7
febbraio

SUSAN RICHARDSON, DALLA VILLETTA DEI BRADFORD ALLA ROULOTTE: ENNESIMA STAR DELLA TV FINITA IN MISERIA

Susan Richardson

La villetta con il prato inglese ha lasciato il posto ad una vecchia roulotte, e la famiglia unita e perfetta che le regalò la popolarità a livello mondiale negli anni 70 è solo un lontano ricordo. Susan Richardson, nota al pubblico grazie a La famiglia Bradford, è caduta in disgrazia.
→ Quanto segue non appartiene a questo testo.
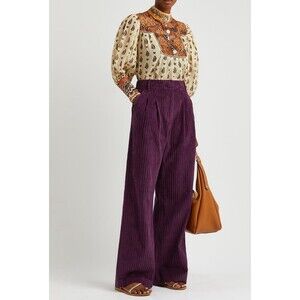 Farm Rio Anthropologie Women Pants Wide Leg Flare Wine Corduroy Preppy Sz XS NWT
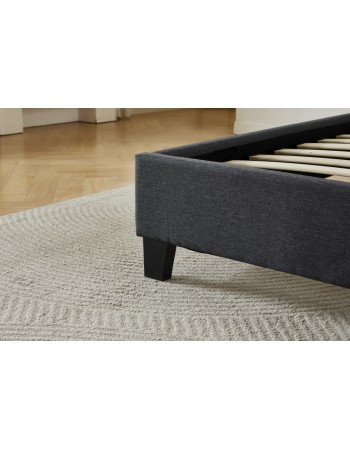 Διπλό Κρεβάτι Afroditi 160x200c σε σκούρο γκρι χρώμα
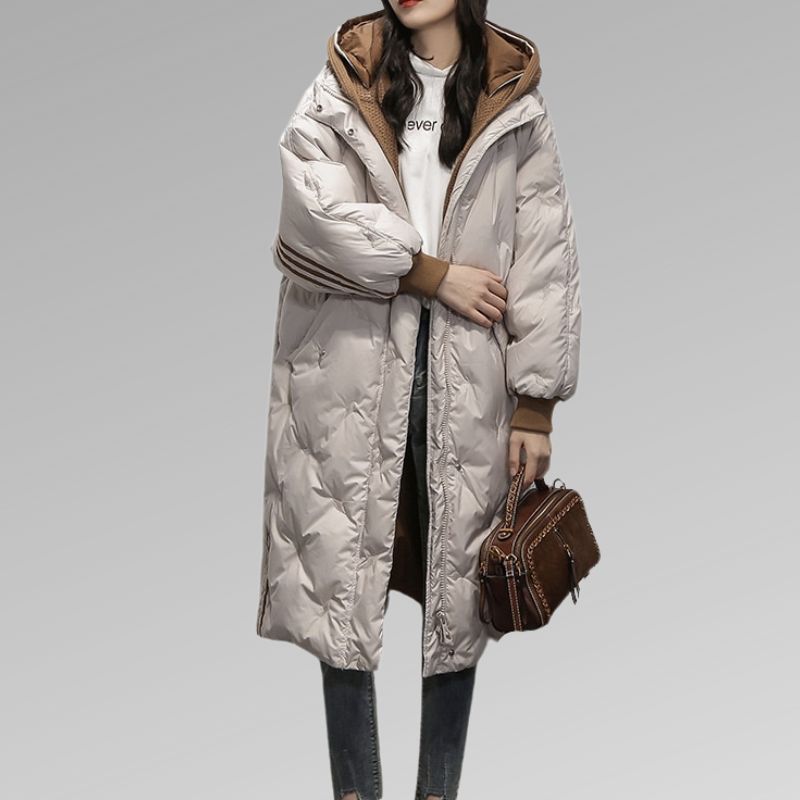 Oversized Long Quilted Puffer Coat | Hooded Design | Warm and Stylish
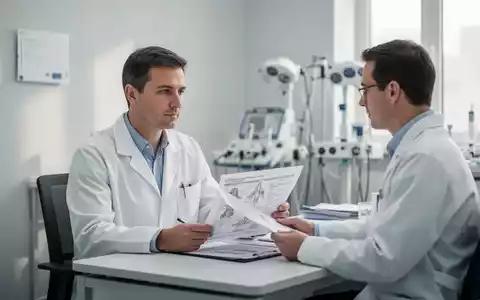 Ein Arzt in einem modernen Behandlungszimmer hält eine Patientenakte, im Hintergrund sind medizinische Geräte zu sehen. - Foto: über boerse-global.de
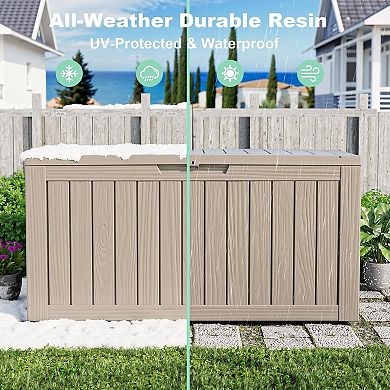 EFU 85 Gallon Weatherproof Deck Box with Hydraulic Rods, Lockable Resin Storage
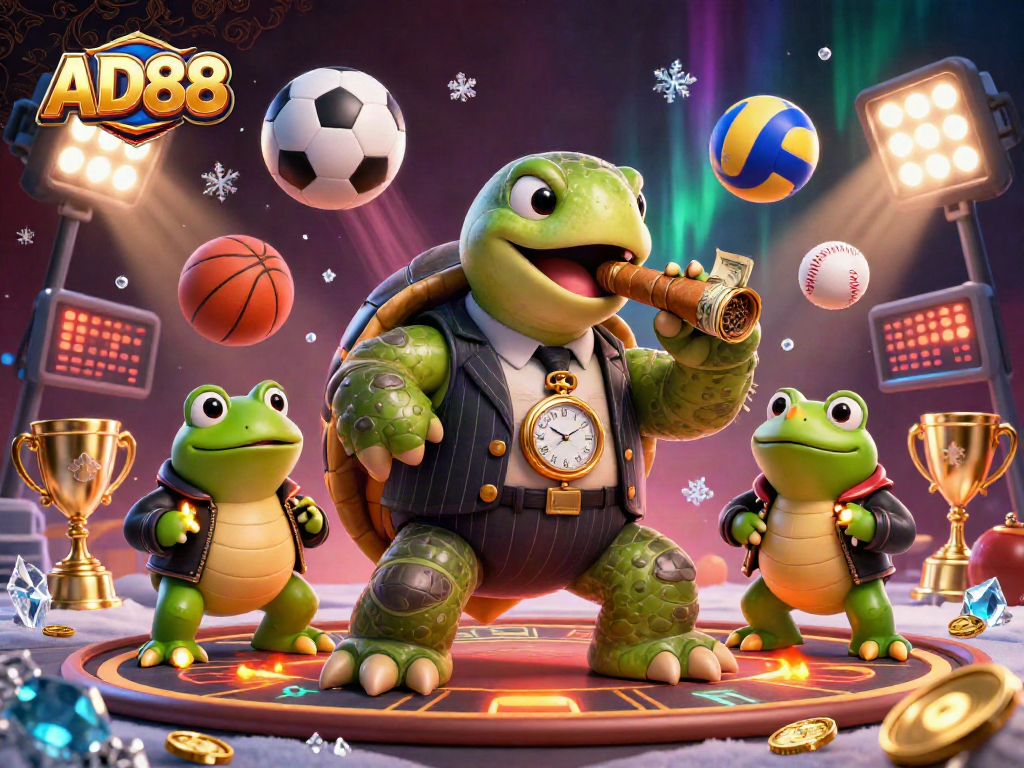 Betting on AD88 with a mobster turtle and frog enforcers in a dynamic casino scene.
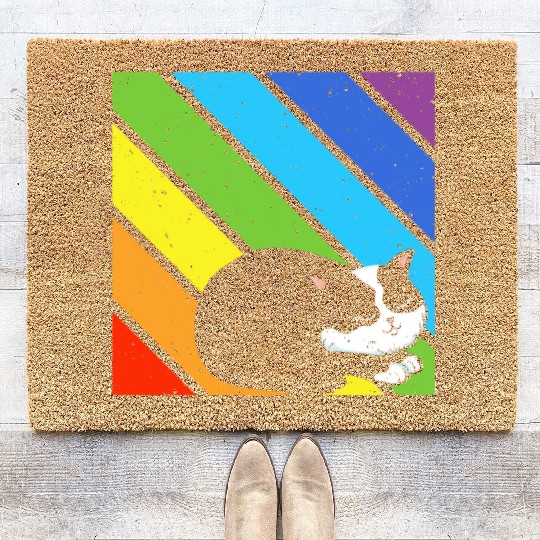 LGBT Supporter Pride Ally Cat Lover Rainbow Pride Coir Doormats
A scoprirlo è il National Enquirer, che ha intervistato la donna, oggi sessantenne.

La Richardson, dopo il successo della celebre serie tv e la partecipazione con piccoli ruoli in alcuni pellicole come E’ nata una stella e American Graffiti, ha abbandonato da tempo il mondo dello spettacolo non trovando più opportunità lavorative sul set. Agli inevitabili problemi economici dovuti alla perdita del lavoro, si sono aggiunti ben presto quelli di salute. L’attrice è, infatti, affetta da un raro disturbo che le crea spasmi all’esofago, cosa che nel tempo le ha causato la perdita di tutti i denti. Costretta a vivere in una roulotte fatiscente, l’ex ragazzina prodigio della tv ha affidato alle pagine del noto tabloid il suo sfogo, denunciando le grosse problematiche con cui è costretta a vivere.

Susan Richardson è soltanto l’ultima di tante star della tv del passato ad essere finita in difficoltà. E’ dell’estate scorsa la notizia che anche Erin Moran, ovvero la Joanie Cunningham di Happy Days, esattamente come la collega vive in miseria dentro una roulotte nell’Indiana. Per la Sottiletta di casa Cunningham, sfrattata dalla sua abitazione californiana, i “giorni felici” sono ormai passati da tempo. Il declino è cominciato proprio dopo la serie tv che dal 1974 al 1984 le regalò una grossa popolarità. Da allora, infatti, la Moran ha prestato il volto con scarso successo solo a personaggi minori, ed ora in bancarotta per inadempienze è costretta ad una vita di stenti.

Una vita non semplice, come quella di Dana Plato, l’attrice diventata celebre negli anni 80 per il ruolo di Kimberly nella serie Il mio amico Arnold. La Plato non riuscì a conservare a lungo la grossa popolarità ottenuta, e tentò più volte un rilancio, posando prima per Playboy, e poi lavorando in alcuni B-movie, tra i quali una versione softcore di Arnold. Dichiaratasi lesbica, con problemi di alcol e droga, venne arrestata per rapina a mano armata in un negozio di noleggio video a Las Vegas, dove lavorava in una lavanderia. Fu trovata morta nel 1999 a causa di un’overdose di farmaci dentro la roulotte parcheggiata vicino alla casa della madre del suo fidanzato.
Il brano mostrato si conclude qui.